== About this exercise ==
From the first line of the records down to the one that holds "Buffet blanc brillant", transcribe each line exactly and add nothing.

Items from a data source
☆ ☆ ☆ ☆ ☆ ☆ ☆
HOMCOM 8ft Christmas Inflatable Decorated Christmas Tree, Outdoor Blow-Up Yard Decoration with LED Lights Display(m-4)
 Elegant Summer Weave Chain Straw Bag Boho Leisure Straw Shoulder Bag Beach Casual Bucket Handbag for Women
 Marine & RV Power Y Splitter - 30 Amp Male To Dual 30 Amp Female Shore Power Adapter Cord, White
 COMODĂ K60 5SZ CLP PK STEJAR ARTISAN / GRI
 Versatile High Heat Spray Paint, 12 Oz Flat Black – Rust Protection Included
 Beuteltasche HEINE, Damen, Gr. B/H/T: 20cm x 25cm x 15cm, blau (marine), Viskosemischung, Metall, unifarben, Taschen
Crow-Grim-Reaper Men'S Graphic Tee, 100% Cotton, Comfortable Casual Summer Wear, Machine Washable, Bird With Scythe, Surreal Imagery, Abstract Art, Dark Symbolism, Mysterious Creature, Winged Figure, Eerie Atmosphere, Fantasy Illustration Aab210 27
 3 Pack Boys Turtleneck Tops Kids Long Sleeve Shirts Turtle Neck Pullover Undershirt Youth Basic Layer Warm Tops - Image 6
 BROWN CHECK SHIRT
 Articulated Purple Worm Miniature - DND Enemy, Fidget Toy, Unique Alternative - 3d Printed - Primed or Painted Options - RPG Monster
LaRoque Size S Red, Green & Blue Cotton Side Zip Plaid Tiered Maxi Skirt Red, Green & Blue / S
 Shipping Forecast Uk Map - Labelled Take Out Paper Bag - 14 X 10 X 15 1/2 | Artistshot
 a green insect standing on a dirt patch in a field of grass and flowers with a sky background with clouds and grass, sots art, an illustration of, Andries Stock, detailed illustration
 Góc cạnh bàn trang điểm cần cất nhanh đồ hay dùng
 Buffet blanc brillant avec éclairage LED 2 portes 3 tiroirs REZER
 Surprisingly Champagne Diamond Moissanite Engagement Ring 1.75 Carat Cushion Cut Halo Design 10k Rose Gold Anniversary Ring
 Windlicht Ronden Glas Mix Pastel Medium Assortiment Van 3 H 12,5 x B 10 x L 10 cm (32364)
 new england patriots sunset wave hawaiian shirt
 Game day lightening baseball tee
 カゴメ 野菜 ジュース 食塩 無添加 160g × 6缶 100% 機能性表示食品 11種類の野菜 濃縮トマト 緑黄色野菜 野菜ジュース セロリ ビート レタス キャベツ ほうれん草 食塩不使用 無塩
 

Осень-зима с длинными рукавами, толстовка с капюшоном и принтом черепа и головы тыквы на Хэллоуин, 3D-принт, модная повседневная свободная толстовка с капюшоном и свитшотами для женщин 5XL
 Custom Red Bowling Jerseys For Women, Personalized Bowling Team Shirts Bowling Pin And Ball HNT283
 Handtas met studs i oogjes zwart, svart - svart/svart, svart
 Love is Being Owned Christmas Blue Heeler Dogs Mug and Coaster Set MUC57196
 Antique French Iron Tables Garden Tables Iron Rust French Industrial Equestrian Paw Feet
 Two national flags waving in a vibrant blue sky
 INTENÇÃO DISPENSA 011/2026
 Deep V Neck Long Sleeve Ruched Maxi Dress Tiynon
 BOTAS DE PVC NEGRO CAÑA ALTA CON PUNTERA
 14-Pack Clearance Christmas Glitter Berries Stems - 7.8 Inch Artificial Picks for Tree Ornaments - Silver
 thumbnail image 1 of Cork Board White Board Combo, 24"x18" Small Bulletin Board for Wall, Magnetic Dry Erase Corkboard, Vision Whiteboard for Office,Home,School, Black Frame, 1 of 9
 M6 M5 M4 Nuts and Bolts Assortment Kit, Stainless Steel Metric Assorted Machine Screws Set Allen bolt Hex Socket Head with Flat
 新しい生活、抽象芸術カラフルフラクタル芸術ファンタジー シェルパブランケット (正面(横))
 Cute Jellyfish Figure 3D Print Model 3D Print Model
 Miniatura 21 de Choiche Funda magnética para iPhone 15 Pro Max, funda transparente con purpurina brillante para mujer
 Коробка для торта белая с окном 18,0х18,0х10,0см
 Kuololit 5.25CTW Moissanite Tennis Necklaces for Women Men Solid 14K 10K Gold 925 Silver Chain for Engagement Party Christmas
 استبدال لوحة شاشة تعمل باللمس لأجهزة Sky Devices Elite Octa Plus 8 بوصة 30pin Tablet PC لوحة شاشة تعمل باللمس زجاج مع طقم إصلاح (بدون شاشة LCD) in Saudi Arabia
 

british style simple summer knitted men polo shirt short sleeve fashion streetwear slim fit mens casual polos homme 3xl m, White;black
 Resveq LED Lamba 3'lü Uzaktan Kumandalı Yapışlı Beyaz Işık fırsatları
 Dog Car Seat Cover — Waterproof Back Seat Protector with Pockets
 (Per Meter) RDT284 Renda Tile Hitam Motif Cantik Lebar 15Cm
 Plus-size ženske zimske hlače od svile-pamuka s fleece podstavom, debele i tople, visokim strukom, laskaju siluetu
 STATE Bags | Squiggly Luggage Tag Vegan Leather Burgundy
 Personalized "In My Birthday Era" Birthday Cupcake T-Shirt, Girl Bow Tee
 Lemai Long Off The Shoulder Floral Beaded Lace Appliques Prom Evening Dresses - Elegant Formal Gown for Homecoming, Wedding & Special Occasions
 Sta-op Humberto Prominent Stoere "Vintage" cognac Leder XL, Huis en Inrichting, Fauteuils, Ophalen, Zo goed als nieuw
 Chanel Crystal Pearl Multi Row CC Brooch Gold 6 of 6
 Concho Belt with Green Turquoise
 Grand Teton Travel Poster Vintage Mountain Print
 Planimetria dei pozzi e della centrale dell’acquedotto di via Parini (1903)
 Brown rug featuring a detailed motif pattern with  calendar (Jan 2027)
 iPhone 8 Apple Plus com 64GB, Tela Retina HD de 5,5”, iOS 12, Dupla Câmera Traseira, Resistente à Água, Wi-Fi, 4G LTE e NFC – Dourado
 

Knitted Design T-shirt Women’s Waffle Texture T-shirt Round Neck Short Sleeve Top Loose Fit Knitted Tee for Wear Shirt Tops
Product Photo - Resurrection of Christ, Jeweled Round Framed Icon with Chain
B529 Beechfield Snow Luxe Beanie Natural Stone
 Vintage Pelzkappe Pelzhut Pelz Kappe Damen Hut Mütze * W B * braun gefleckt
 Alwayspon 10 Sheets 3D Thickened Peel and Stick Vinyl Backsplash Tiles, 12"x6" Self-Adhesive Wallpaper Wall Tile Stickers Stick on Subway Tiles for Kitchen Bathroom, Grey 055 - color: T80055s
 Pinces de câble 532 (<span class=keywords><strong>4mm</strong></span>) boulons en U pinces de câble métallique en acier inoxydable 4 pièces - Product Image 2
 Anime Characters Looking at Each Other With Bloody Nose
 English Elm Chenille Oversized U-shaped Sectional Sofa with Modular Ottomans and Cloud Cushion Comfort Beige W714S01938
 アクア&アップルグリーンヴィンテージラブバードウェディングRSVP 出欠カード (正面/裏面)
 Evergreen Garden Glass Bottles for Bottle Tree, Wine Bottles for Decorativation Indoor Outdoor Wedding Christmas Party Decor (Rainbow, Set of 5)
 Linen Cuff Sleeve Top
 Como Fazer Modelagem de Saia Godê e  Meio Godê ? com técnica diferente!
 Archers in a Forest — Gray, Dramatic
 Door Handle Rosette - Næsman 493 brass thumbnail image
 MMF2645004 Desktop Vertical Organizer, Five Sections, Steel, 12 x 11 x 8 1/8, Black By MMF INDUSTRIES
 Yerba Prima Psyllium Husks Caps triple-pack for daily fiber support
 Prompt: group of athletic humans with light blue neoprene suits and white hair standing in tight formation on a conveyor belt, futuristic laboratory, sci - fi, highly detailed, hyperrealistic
☆ ☆ ☆ ☆ ☆ ☆ ☆
== Written answer ==
HOMCOM 8ft Christmas Inflatable Decorated Christmas Tree, Outdoor Blow-Up Yard Decoration with LED Lights Display(m-4)
 Elegant Summer Weave Chain Straw Bag Boho Leisure Straw Shoulder Bag Beach Casual Bucket Handbag for Women
 Marine & RV Power Y Splitter - 30 Amp Male To Dual 30 Amp Female Shore Power Adapter Cord, White
 COMODĂ K60 5SZ CLP PK STEJAR ARTISAN / GRI
 Versatile High Heat Spray Paint, 12 Oz Flat Black – Rust Protection Included
 Beuteltasche HEINE, Damen, Gr. B/H/T: 20cm x 25cm x 15cm, blau (marine), Viskosemischung, Metall, unifarben, Taschen
Crow-Grim-Reaper Men'S Graphic Tee, 100% Cotton, Comfortable Casual Summer Wear, Machine Washable, Bird With Scythe, Surreal Imagery, Abstract Art, Dark Symbolism, Mysterious Creature, Winged Figure, Eerie Atmosphere, Fantasy Illustration Aab210 27
 3 Pack Boys Turtleneck Tops Kids Long Sleeve Shirts Turtle Neck Pullover Undershirt Youth Basic Layer Warm Tops - Image 6
 BROWN CHECK SHIRT
 Articulated Purple Worm Miniature - DND Enemy, Fidget Toy, Unique Alternative - 3d Printed - Primed or Painted Options - RPG Monster
LaRoque Size S Red, Green & Blue Cotton Side Zip Plaid Tiered Maxi Skirt Red, Green & Blue / S
 Shipping Forecast Uk Map - Labelled Take Out Paper Bag - 14 X 10 X 15 1/2 | Artistshot
 a green insect standing on a dirt patch in a field of grass and flowers with a sky background with clouds and grass, sots art, an illustration of, Andries Stock, detailed illustration
 Góc cạnh bàn trang điểm cần cất nhanh đồ hay dùng
 Buffet blanc brillant avec éclairage LED 2 portes 3 tiroirs REZER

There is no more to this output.